Optimum Track to Track Fusion Using CMA-ES and LSTM Techniques
Document Type
Conference Proceeding
Publication Title
IEEE Aerospace Conference Proceedings
Abstract
This paper presents two different methods for track-to-track fusion of drone tracks. The sensors are unbiased radars with fixed locations. The first method uses an offline technique based on a global optimizer called the CMA-ES algorithm and the second one uses LSTM in its different forms to learn the online adjustment of the fusion weights between the two tracks.
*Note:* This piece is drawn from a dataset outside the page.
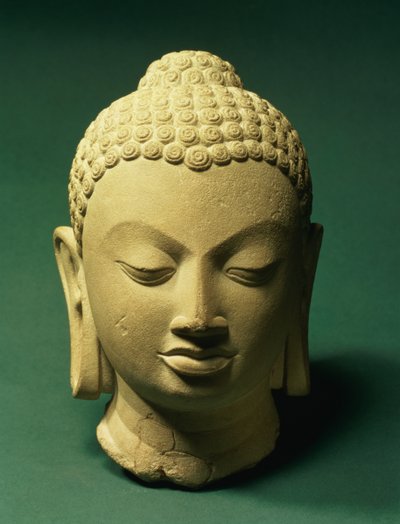 Head of the Buddha by Indian School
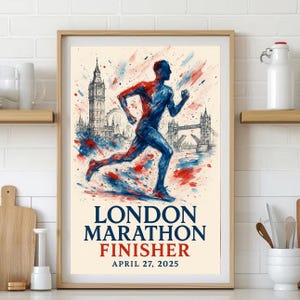 Muurkunst marathon Londen – poster marathon 2025 – kaart hardloopreis – raceprint verzamelobject – Iconisch muurdecor route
An objective function utilizing the covariance of the fused tracks is used by the first algorithm while a cost function based on the Kullback-Leibler (KL) divergence measure is used in the second case for training the LSTM. The two methods are compared with other baseline methods using performance metrics such as SIAP and OSPA. Simulations are done for a single object (drone) and repeated for multiple objects in the presence of two radars to demonstrate the validity of the two proposed techniques. The JPDA (Joint Probability Data Association) with fixed gating and moderate clutter is used in the case of multiple objects. Stone Soup was chosen as the radar simulation environment.
DOI
10.1109/AERO58975.2024.10521258
Publication Date
1-1-2024
Recommended Citation
S. Fares et al., "Optimum Track to Track Fusion Using CMA-ES and LSTM Techniques," IEEE Aerospace Conference Proceedings, Jan 2024.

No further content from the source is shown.